*Problem description*: Your copy should run exactly from the line containing "کلبه یکخوابه چوبی" to the last line of the entries below, and it should include no pictures.

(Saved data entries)
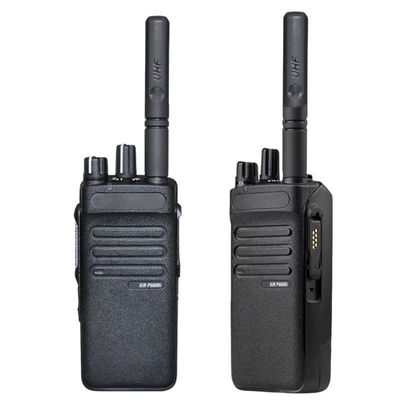 Rádio de comunicação sem fio portátil tipo GMRS VHF DEP550E DP2400E DMR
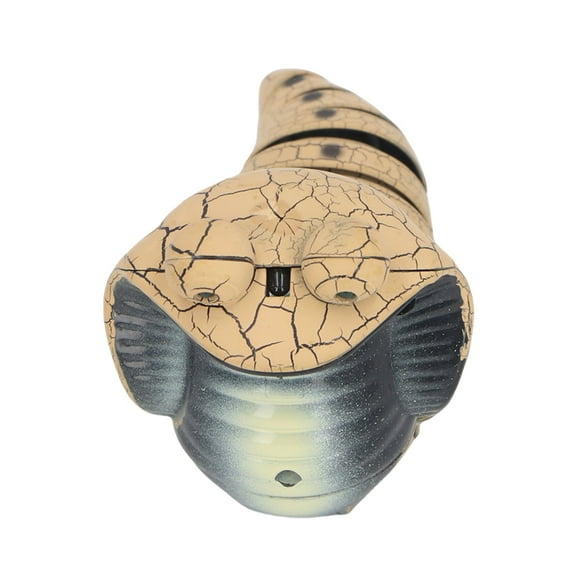 Serpent Télécommandé, Outil de Farce Jouet Serpent Intelligent Interactif Simulation Amusante pour Enfants Kaki, Bleu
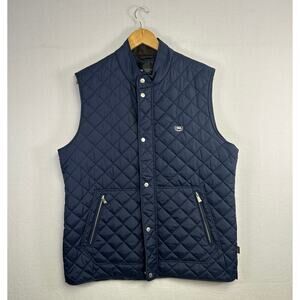 Southern Gentleman Quilted Vest - EU 44 - Navy
Blue - Stylish & Practical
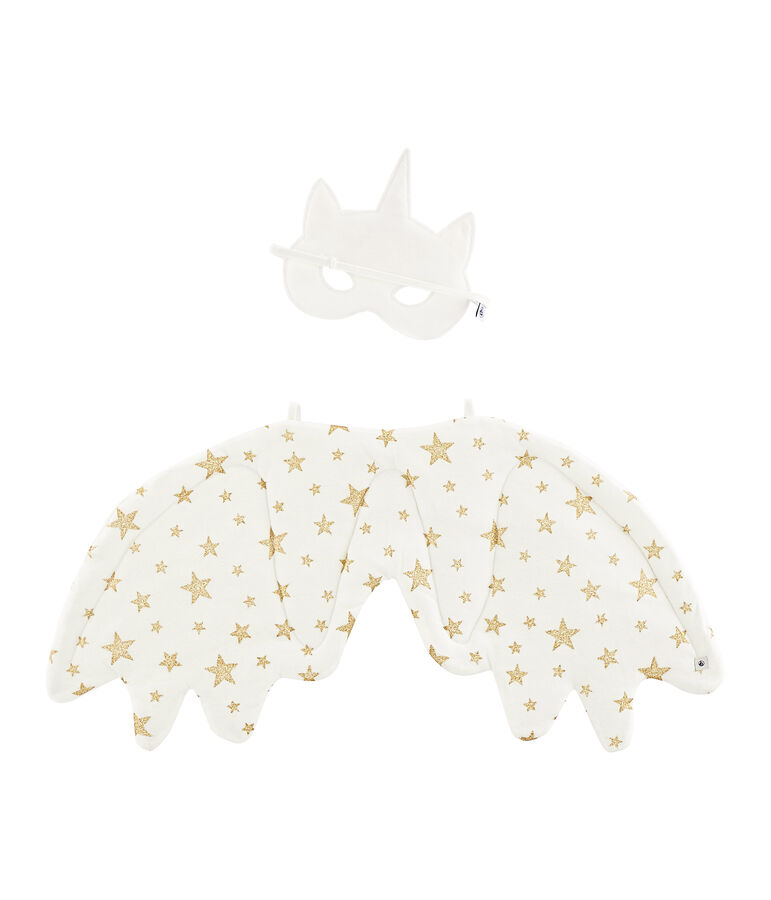 Accessoires petite fille blanc/jaune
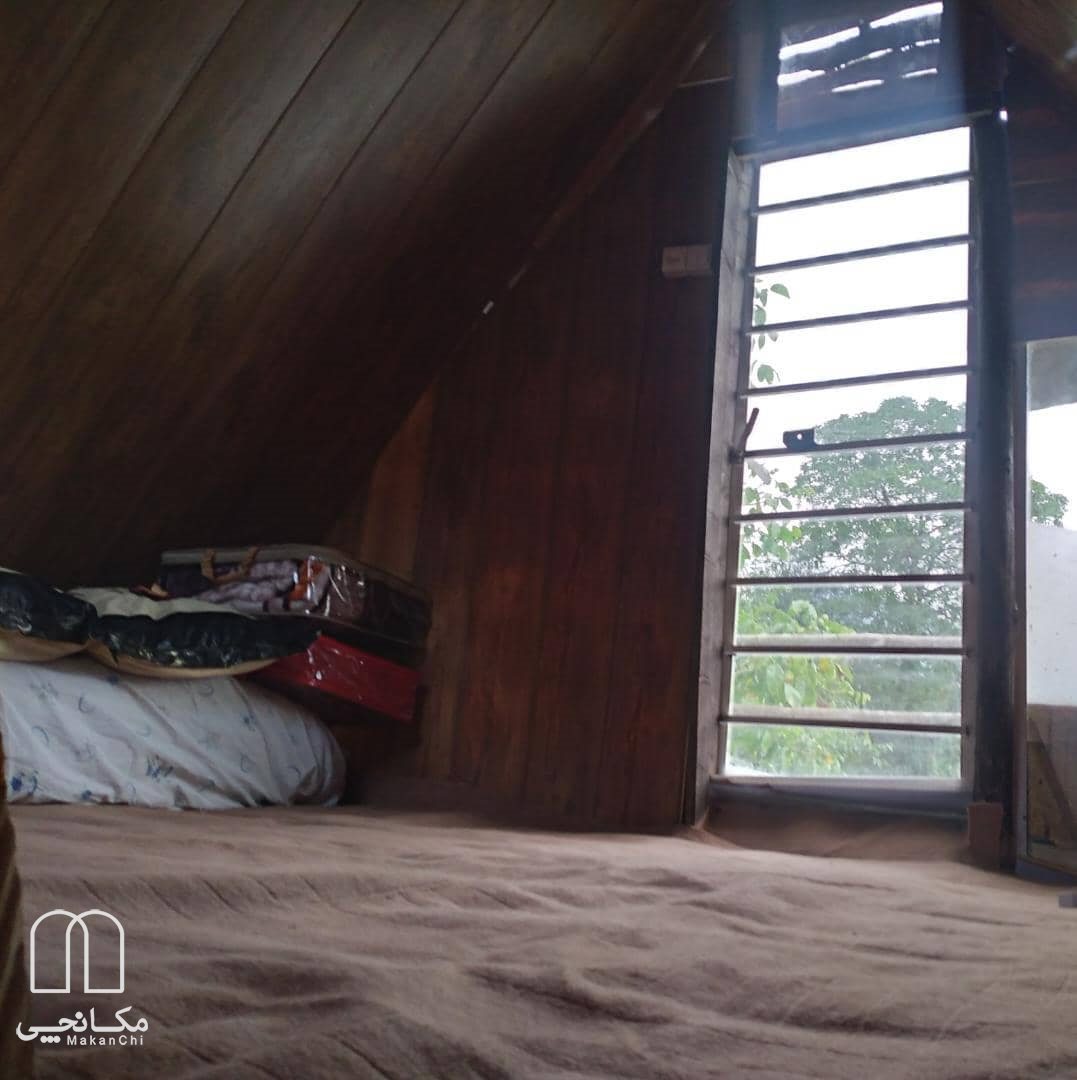 کلبه یکخوابه چوبی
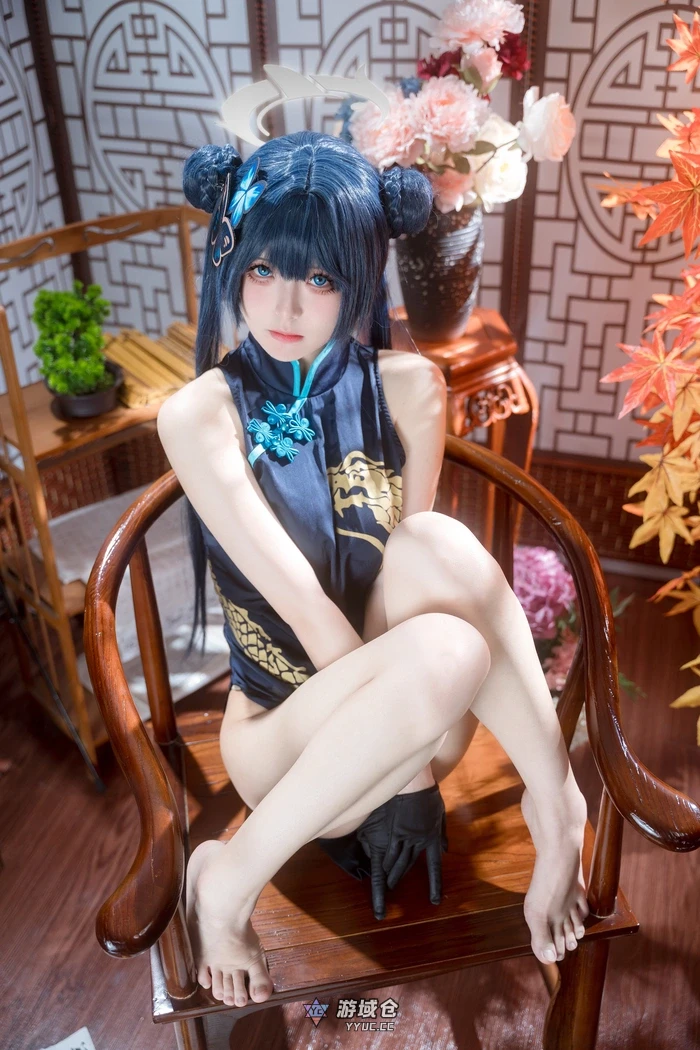 Cosplay博主@九柒喵 动漫美女写真集 刊物合集 第6张
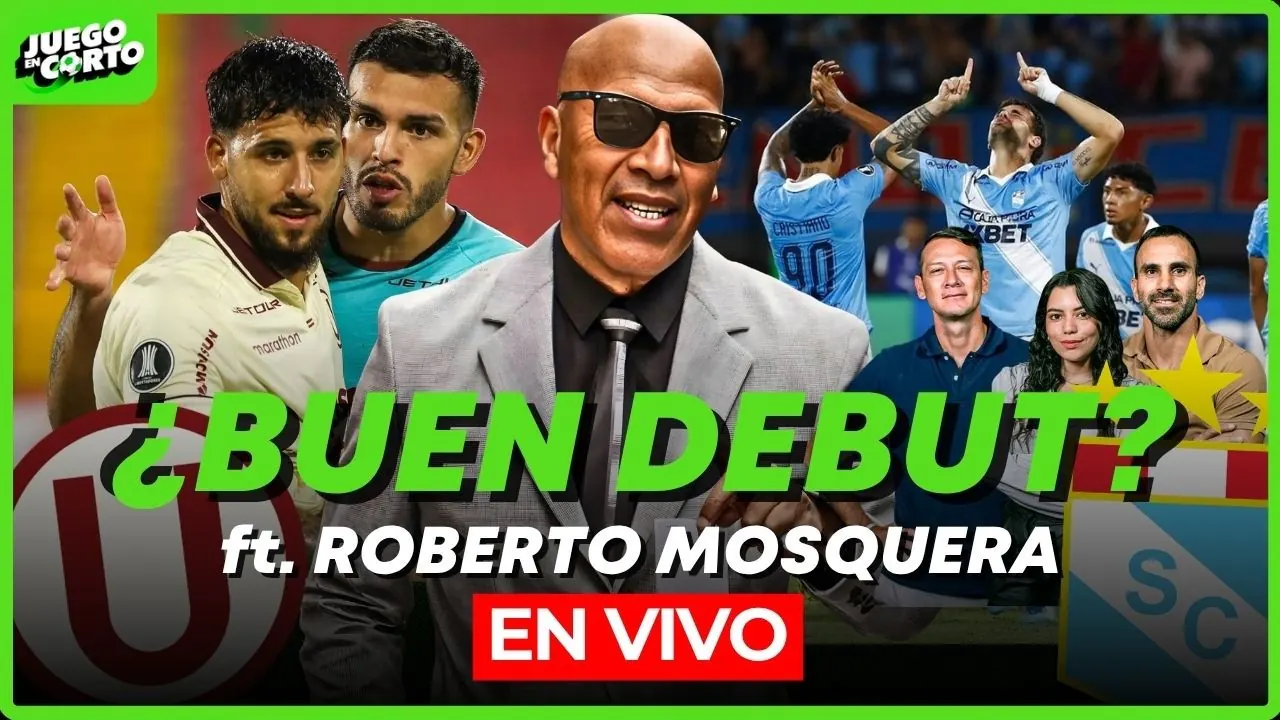 Reproducir: 🟢 ¿ROBO ante Cusco FC? Triunfazo de Cristal y empate de la U | Roberto Mosquera en #JuegoEnCorto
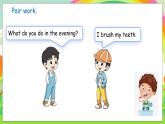 冀教版（三起）（2024）英語(yǔ)三年級(jí)下冊(cè) Unit 3 My day Lesson 3(課件+素材）
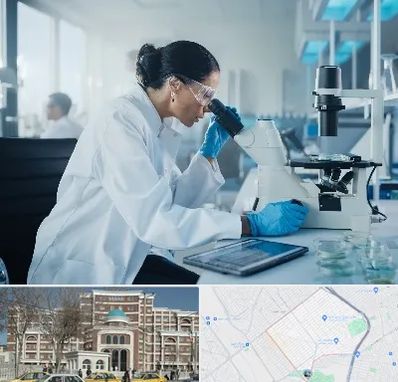 آزمایشگاه HPV در طلاب مشهد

*Result of this exercise*:
 کلبه یکخوابه چوبی
 Cosplay博主@九柒喵 动漫美女写真集 刊物合集 第6张
 Reproducir: 🟢 ¿ROBO ante Cusco FC? Triunfazo de Cristal y empate de la U | Roberto Mosquera en #JuegoEnCorto
 冀教版（三起）（2024）英語(yǔ)三年級(jí)下冊(cè) Unit 3 My day Lesson 3(課件+素材）
 آزمایشگاه HPV در طلاب مشهد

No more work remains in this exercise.